Incandescence by Greg Egan

Incandescence by Greg Egan

Author:Greg Egan [Egan, Greg]
Language: eng
Format: epub, mobi
Tags: sf, sf_space
Published: 0101-01-01T00:00:00+00:00


13

Toward the center of the Nuclear Stellar Disk the density of stars began a precipitous climb. Within a cluster two hundred light years wide a billion stars sped along a complex tangle of orbits, and the deeper into this swarm you dived the more crowded and violent it became. To Rakesh, it brought to mind the image of a nest of furious ants caught in a steep subsidence, kept from falling into the depths only by the sheer energy of their motion.

At the bottom of the pit lay Goudal-e-Markaz: a black hole with the mass of three million suns, the one place from which you could fall no further. It wasn't easy to reach this nadir: the hole's zone of capture was barely fifty million kilometers wide, and it was rare for a star to lose so much of its angular momentum that it could execute a head-on dive into oblivion.

However, a bull's-eye hit was not the only route to destruction. Once every hundred millennia or so a star would come close enough to Goudal-e-Markaz for tidal forces to disrupt it catastrophically. As it dived toward the hole, the star would be stretched along its orbit at the same time as it was squeezed in the orthogonal directions, a distended streak of nuclear fire growing ever hotter and more compressed. In some encounters the star would merely be torn apart and the debris sprayed across a range of orbits, but if the tidal compression was strong enough to trigger a burst of new fusion reactions, as the star swung away from the hole and the pressure was released it could explode with the force of a hundred supernovas. The remnants of these explosions could still be seen thousands of years later, tenuous but energetic shells of gas spreading out into the galactic nucleus.

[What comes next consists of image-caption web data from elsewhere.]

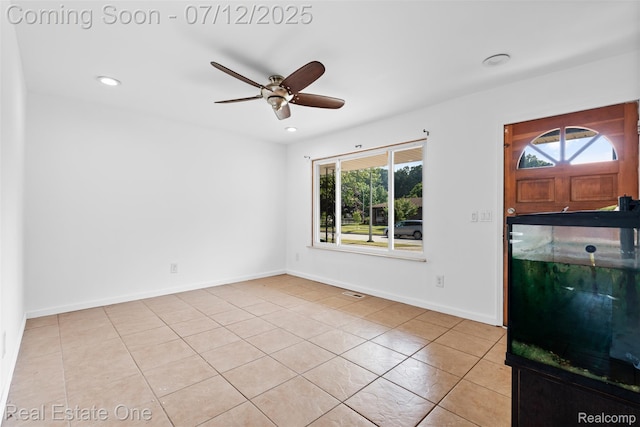 15679 Gulley St, Taylor, MI 48180 - unfurnished room featuring light tile patterned flooring, a ceiling fan, and recessed lighting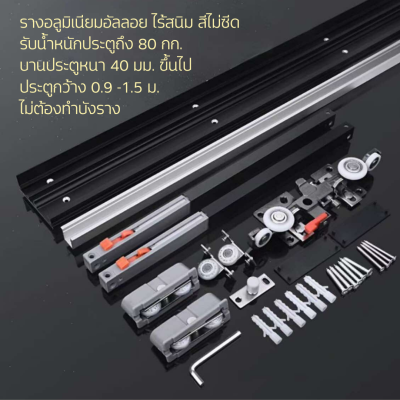 ชุดรางบานเลื่อนแบบซ่อน ปิดนุ่มนวล, 80 กก. (Invisible Sliding Door Track Set, Soft-Closing, 80 kgs.)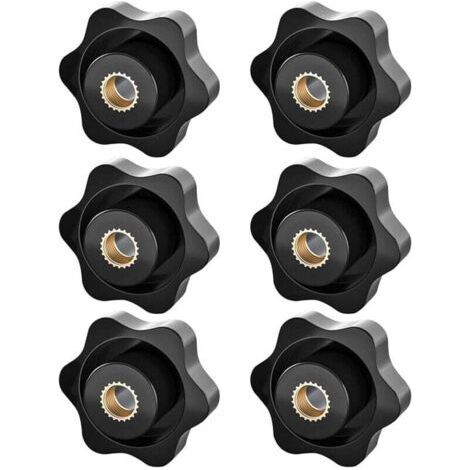 M8 Tightening Knob, Star Nut, Knurled Thread Tightening Knob, M8 Tightening Nut, Star Head Tightening Nuts Knob, for Mechanics, Furniture, Electronic Equipment, 6 P (1/4)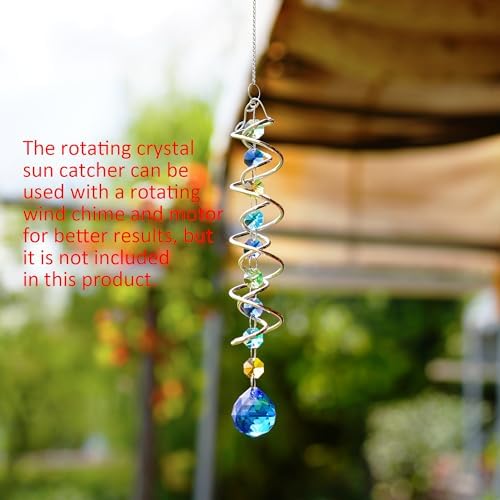 20.5in Sea Blue Crystal Gazing Ball Spiral Wind Spinner Suncatcher - Image 2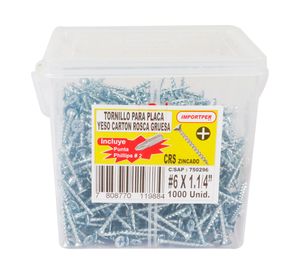 Tornillo Volcanita #6x1 1/4'' 1000 unidades Imporper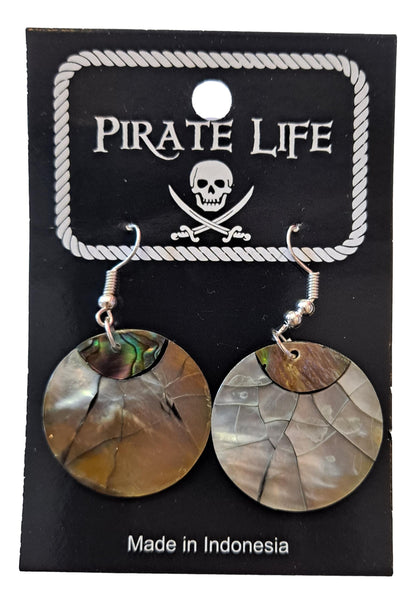 Shell Earrings – JE-SOPHIA- Natural Abalone and Dark Mother of Pearl Round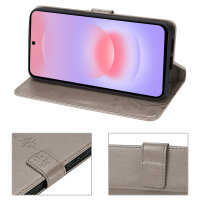 Handy Tasche für Samsung Galaxy A37 / A36 Hülle Handyhülle Klapphülle Wallet Case Grau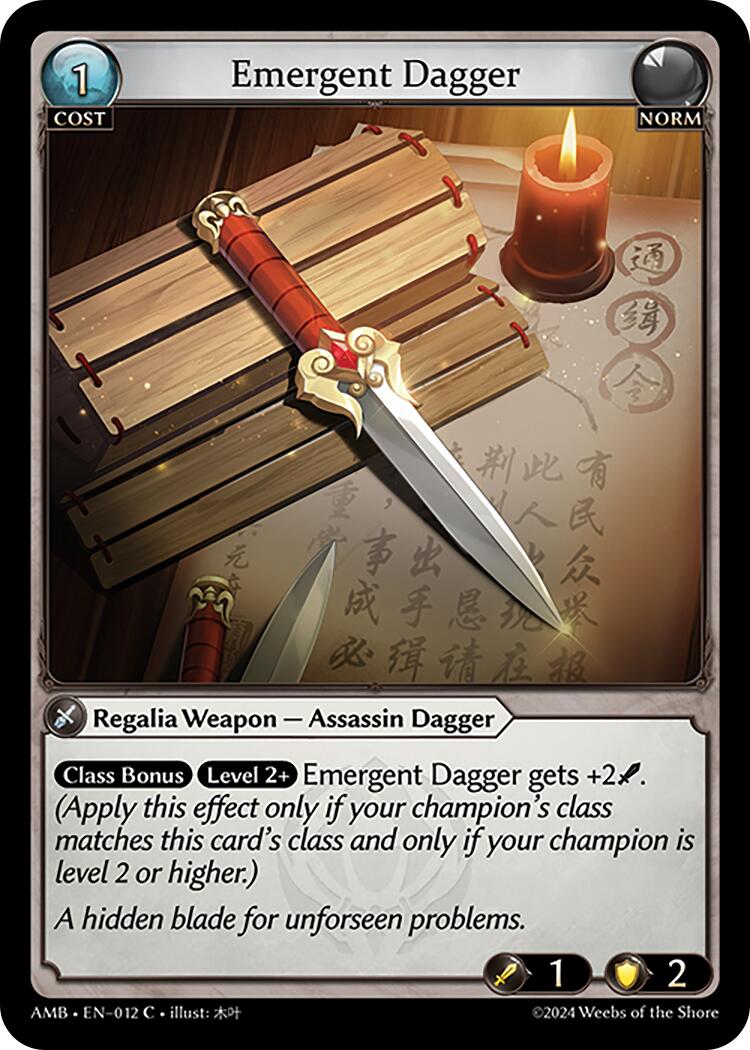 Emergent Dagger (012) [Mortal Ambition] | Card Merchant Takapuna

Ordinary supernovas were even more common, of course, and the central cluster was littered with their remnants: white dwarfs, stellar mass black holes, and neutron stars. The Aloof's map showed no less than fifteen million neutron stars. That was a daunting census, and the chaotic dynamics of the region made it impossible to rule out more than a few per cent as potential culprits in the death of the Arkmakers' world.

Standing in the control room of Lahl's Promise, looking out into the blaze of stars that hid their quarry, Rakesh asked Parantham, "Would you be willing to visit fifteen million neutron stars, one by one, until we found a living Ark?"

She replied without hesitation, "Absolutely."

For a moment Rakesh considered calling her bluff, but he was sure his own will would crack long before hers. When the creators of de novos chose their traits, they were prone to excesses that rarely appeared in even the most technologically augmented versions of inheritance. No gene for keenness could ever compete with Parantham's fiat-driven personality.

He said, "I think it's time we built a decent telescope."

She nodded assent, without betraying the slightest hint of relief that he hadn't been serious about inspecting each candidate in person.